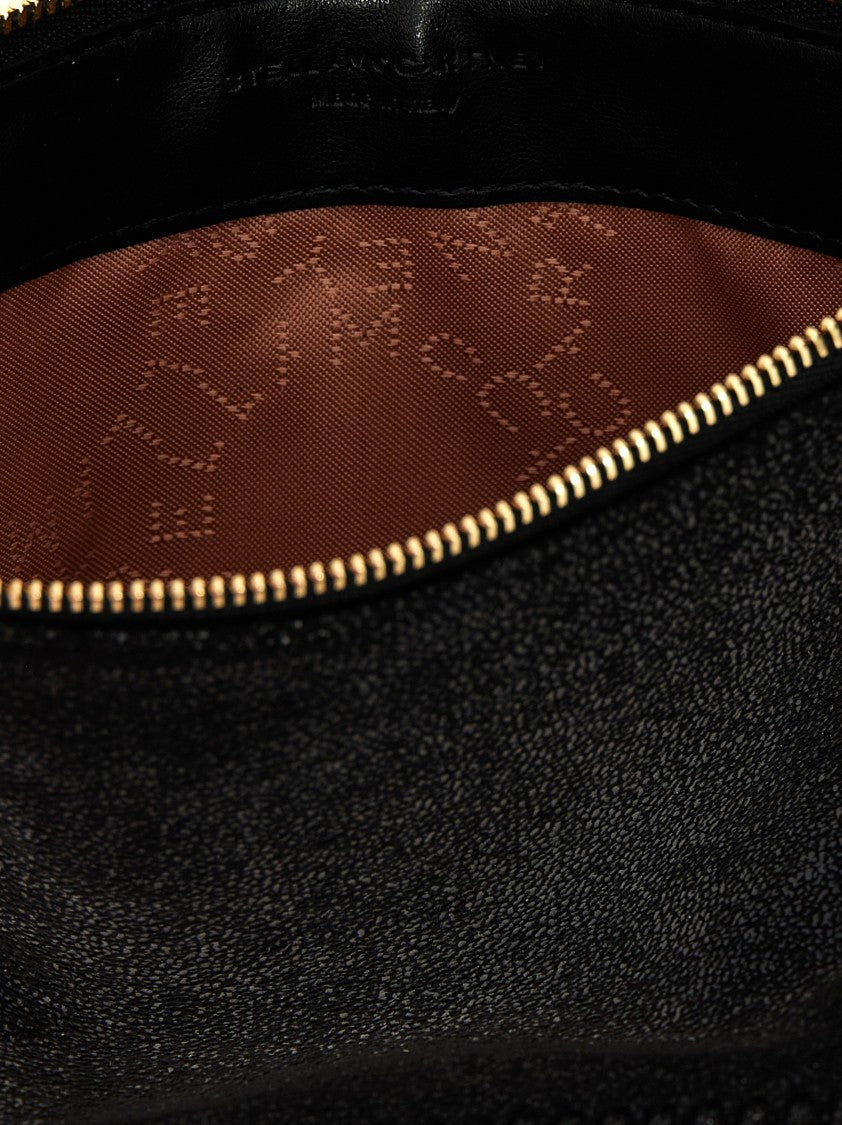 Stella Mccartney 'Falabella' Clutch Bag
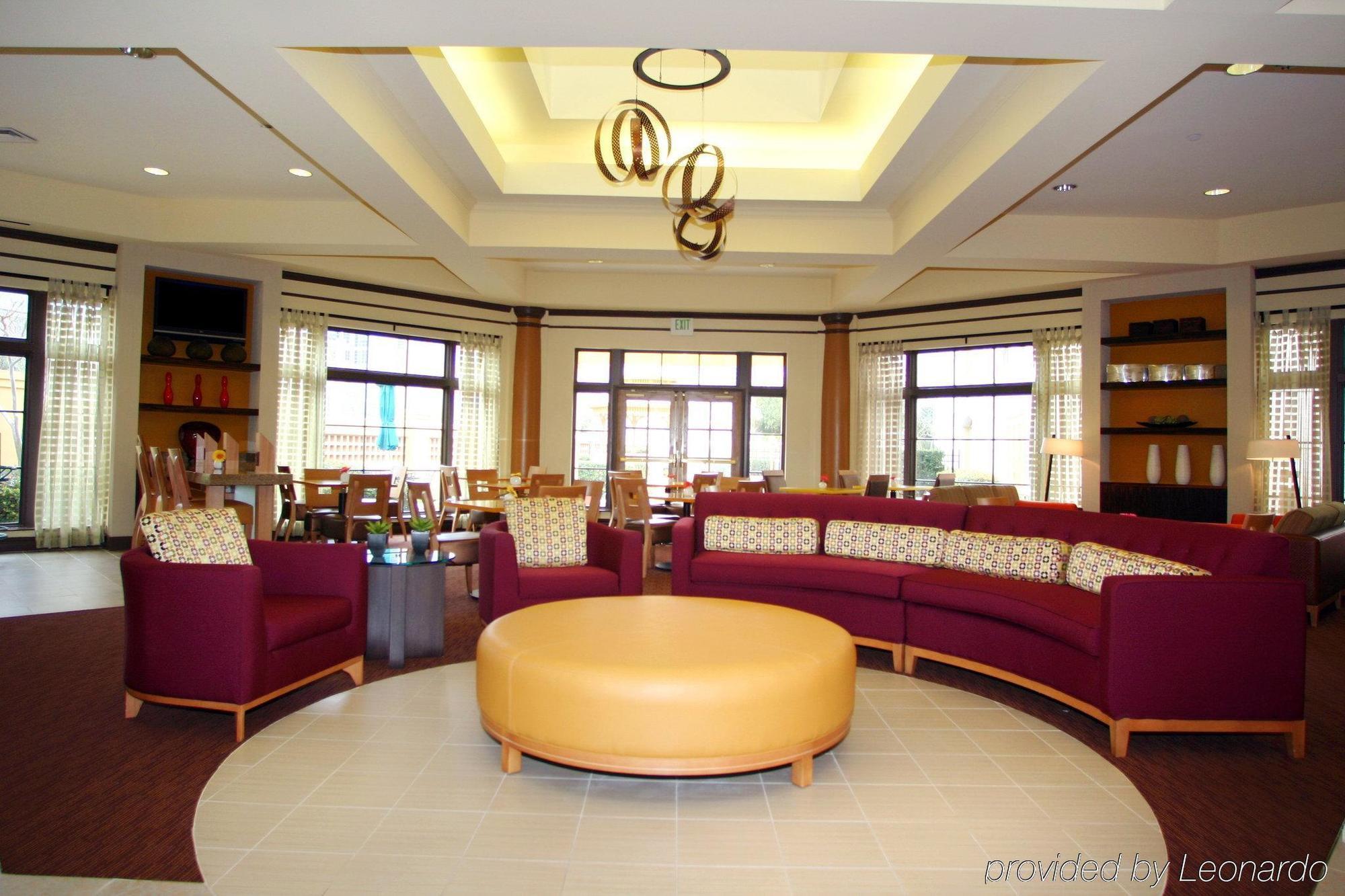 La Quinta By Wyndham Dallas Plano West Экстерьер фото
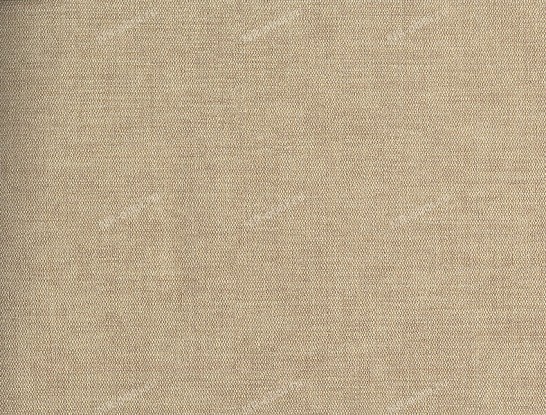 Обои Jannelli and Volpi JV Textures, 5014 JV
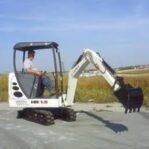 terex tc15 excavator workshop service manual pdf.jpg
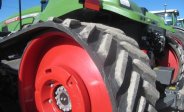 equipment-fpo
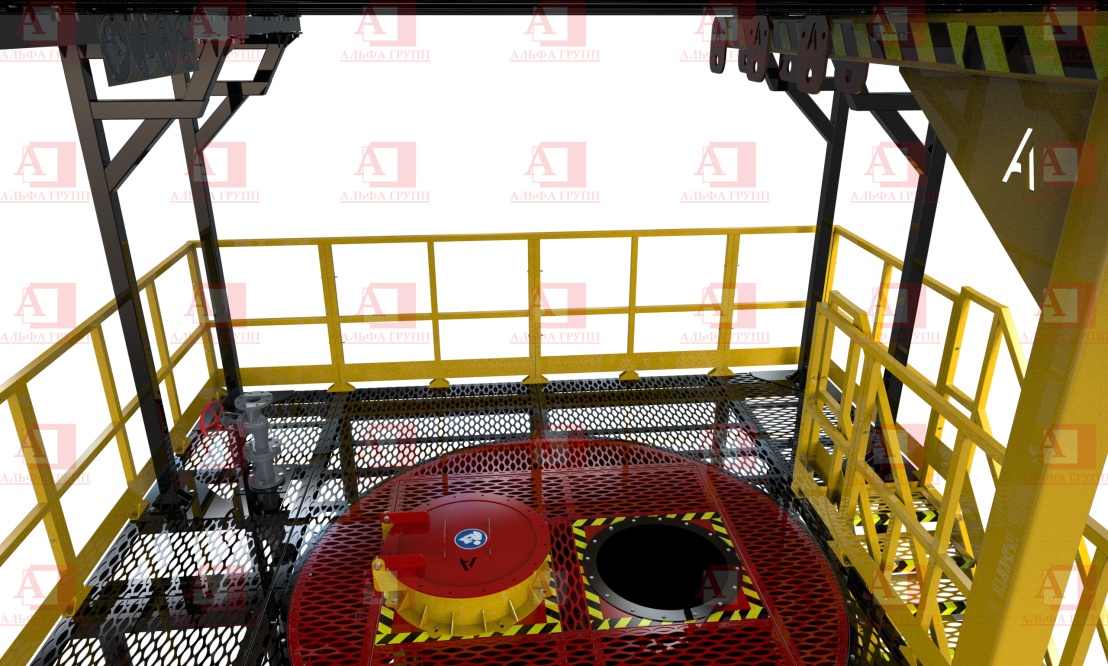 Альпинист-20-04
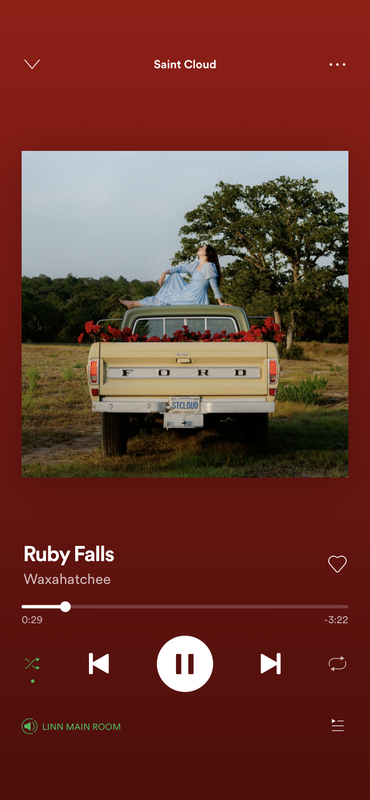 2E22364D-BAED-486D-8BAE-B5423D055427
§ §
All that is needed here is the run of lines from the one containing "terex tc15 excavator" through the end of the material above, reproduced exactly and without pictures.

RESULT OF THE TASK —
 terex tc15 excavator workshop service manual pdf.jpg
 equipment-fpo
 Альпинист-20-04
 2E22364D-BAED-486D-8BAE-B5423D055427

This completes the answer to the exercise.